* [What needs to be done]
Reproduce only the lines below from the line containing "this 650×488 image." to the line containing "this 450×320 image.", exactly as written, with both end lines kept. Omit the pictures.

* [Supplied information]

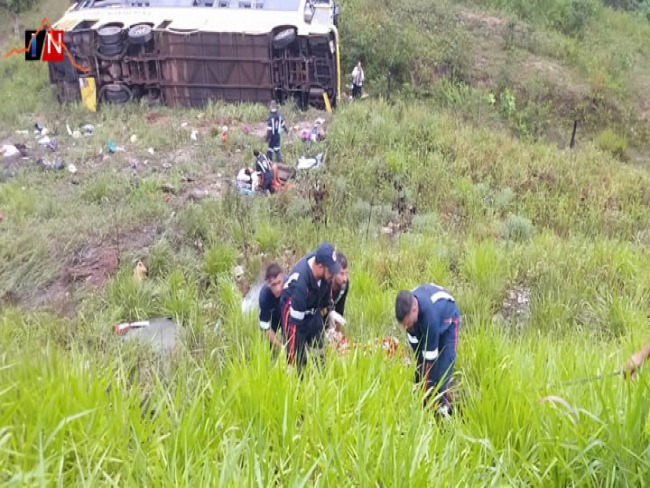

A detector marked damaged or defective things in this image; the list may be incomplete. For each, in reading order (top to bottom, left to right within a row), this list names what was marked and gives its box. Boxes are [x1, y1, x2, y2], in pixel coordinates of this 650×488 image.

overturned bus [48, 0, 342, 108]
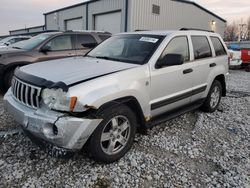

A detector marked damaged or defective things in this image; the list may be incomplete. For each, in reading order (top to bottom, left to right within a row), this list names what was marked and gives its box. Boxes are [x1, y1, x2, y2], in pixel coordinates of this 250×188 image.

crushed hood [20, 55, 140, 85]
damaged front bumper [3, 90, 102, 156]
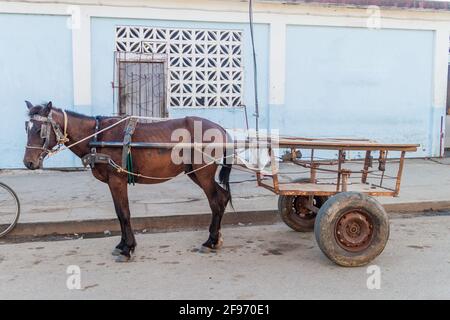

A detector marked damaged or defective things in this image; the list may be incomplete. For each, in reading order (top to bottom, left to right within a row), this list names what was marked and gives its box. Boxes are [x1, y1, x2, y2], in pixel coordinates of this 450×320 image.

---

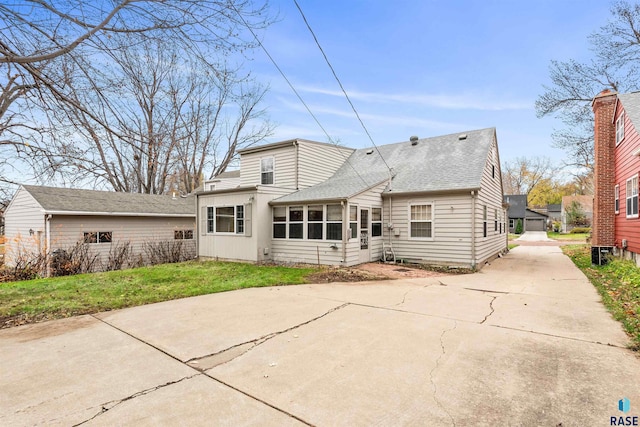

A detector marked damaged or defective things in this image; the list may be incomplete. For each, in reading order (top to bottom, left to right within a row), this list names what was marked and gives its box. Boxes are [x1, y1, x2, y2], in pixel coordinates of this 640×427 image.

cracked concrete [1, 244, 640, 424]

--

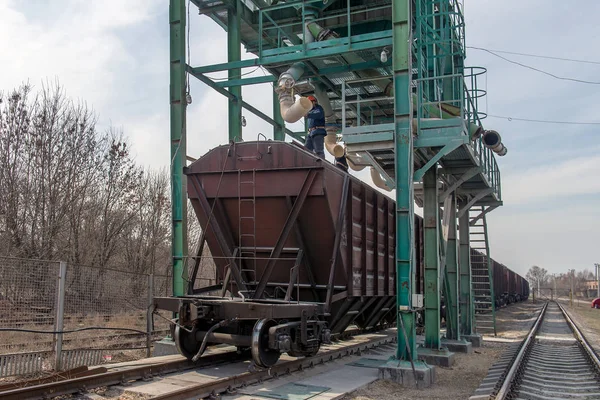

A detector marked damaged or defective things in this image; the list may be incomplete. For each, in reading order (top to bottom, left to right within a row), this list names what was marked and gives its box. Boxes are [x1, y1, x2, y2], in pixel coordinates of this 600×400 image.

* [Worked solution]
A detector marked damaged or defective things in this image; the list may be incomplete. For each, in reading order (top to bottom, left to right within a row), this list names what was marked and gives its box. Boxes are [x1, y1, x2, y2], in pixel coordinates of this 650×488 image.

overturned bus [48, 0, 342, 108]

A detector marked damaged or defective things in this image; the list may be incomplete. For each, in reading order (top to bottom, left to right within a row), this list names what was marked and gives its box. Boxes are [x1, y1, x2, y2], in pixel coordinates of this 250×188 image.

crushed hood [20, 55, 140, 85]
damaged front bumper [3, 90, 102, 156]

A detector marked damaged or defective things in this image; the list may be incomplete. For each, in reading order (top to bottom, left to right within a row), this list names what was marked and gives its box. Boxes are [x1, y1, x2, y2], in pixel coordinates of this 450×320 image.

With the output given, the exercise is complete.